When the family was finally able to get him to Los Angeles, doctors concluded that if he had stayed in Mexico another eight hours he would have died from blood poisoning.
This experience—and the realization that even in his hometown of Columbus, Ohio, there was a serious need for fast, accurate healthcare interpretation services—prompted Andrew Panos to create the Language Access Network (LAN), a face-to-face live audio-video interpretation service, in 2003.
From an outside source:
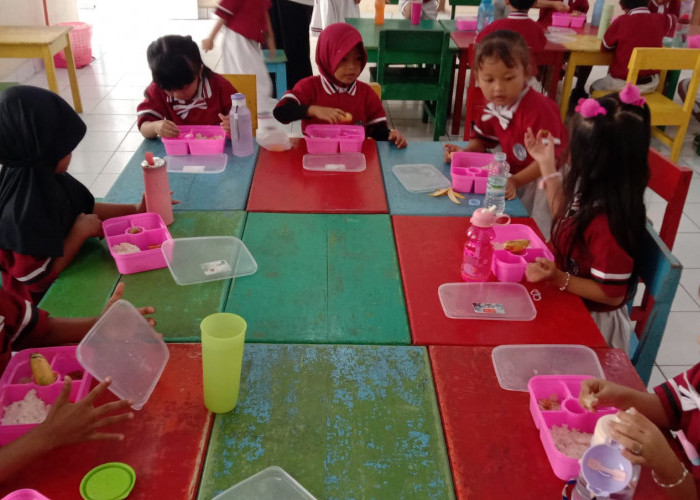 TK Negeri Pembina 3 Lubuklinggau Luncurkan Program Makan Bergizi Gratis untuk Anak-Anak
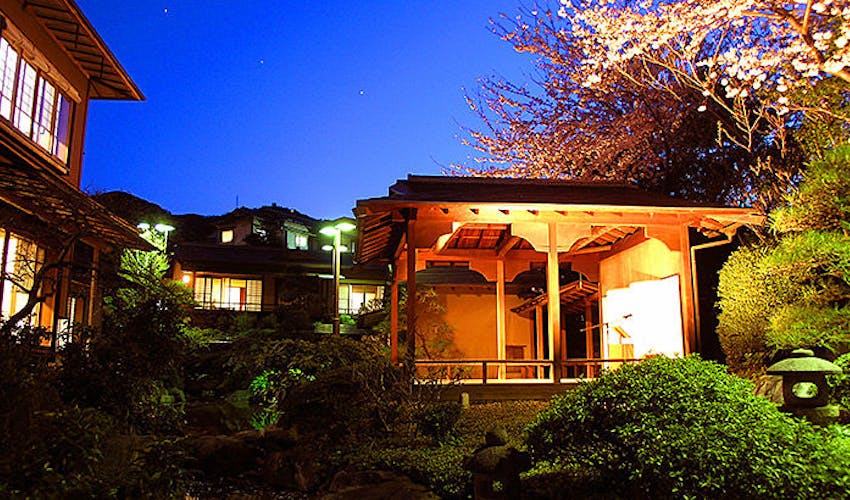 あたみ石亭別邸 桜岡茶寮 の空室状況を確認する 宿泊予約は 一休 Com あたみ石亭別邸 桜岡茶寮 の空室状況を確認する 宿泊予約は 一休 Com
The system, My Accessible Real-Time Trusted Interpreter (MARTTI) is available in 23 hospitals. The system centralizes video interpretation into a center staffed by medically trained interpreter. In a hospital subscribing to the service, a provider can call LAN’s center in Columbus, Ohio, 24 hours a day, seven days a week. Users can choose among 150 languages, including a range of Chinese dialects and American Sign Language, and access an on-screen interpreter.
To use the system, a hospital purchases a block of minutes each month; charges are incurred when interpretations are sought.
“Some people have referred to it as the OnStar of interpreting,” says Panos, referring to the vehicle security system. “They are finding it more affordable than the cost of having on-site interpreters or calling an agency and having to pay a two-hour minimum and then having a wait time of upward of an hour.”
LAN’s system is a boon for hospitals that deal daily with Americans with Disabilities Act compliance.
“For instance, in New York they’re demanding that interpreters be provided within 10 minutes,” Panos says. “Having an American Sign Language interpreter in that short a time has really put quite a burden on their hospitals. With our system, since it is available with the push of a button, the result has been amazing.”
At Boston Medical Center (BMC), implementing MARTTI has meant synchronizing the institution’s wireless system with LAN’s system.
“It’s been a marriage of the two,” says Oscar Arocha, director of interpreter services and guest support services at BMC. Its 44 full-time interpreters were already providing in-person interpreting wherever possible. Then the hospital began telephone interpretation, and has since installed MARTTI units.
It was crucial to Arocha and BMC’s administrators that the service be available wirelessly so video units could be wheeled from place to place. Desktop units are also available from LAN.
“The user turns the video unit on and waits two or three seconds for the operator to come up on screen,” says Arocha. “You ask for the language you want, and they connect you within seconds to minutes, depending on the requested language.”
If the requested language or dialect is not one available on video, LAN automatically seeks an interpreter who connects via audio.
At Texas Children’s Hospital in Houston, a pilot program with the LAN system was set to go live in the emergency centers Nov. 1. Hospitalists and other providers can use this system in addition to personal and commercial telephone interpreters.
Yong S. Han, MD, a hospitalist at that institution, hopes the service enhances communication with patients and families. “Given that we have adopted family-centered rounding, this will also allow everyone to hear the conversation,” he says. “Additionally, it is pretty cumbersome and problematic switching the phone between the patient and the provider, so MARTTI should allow improvements in this arena.”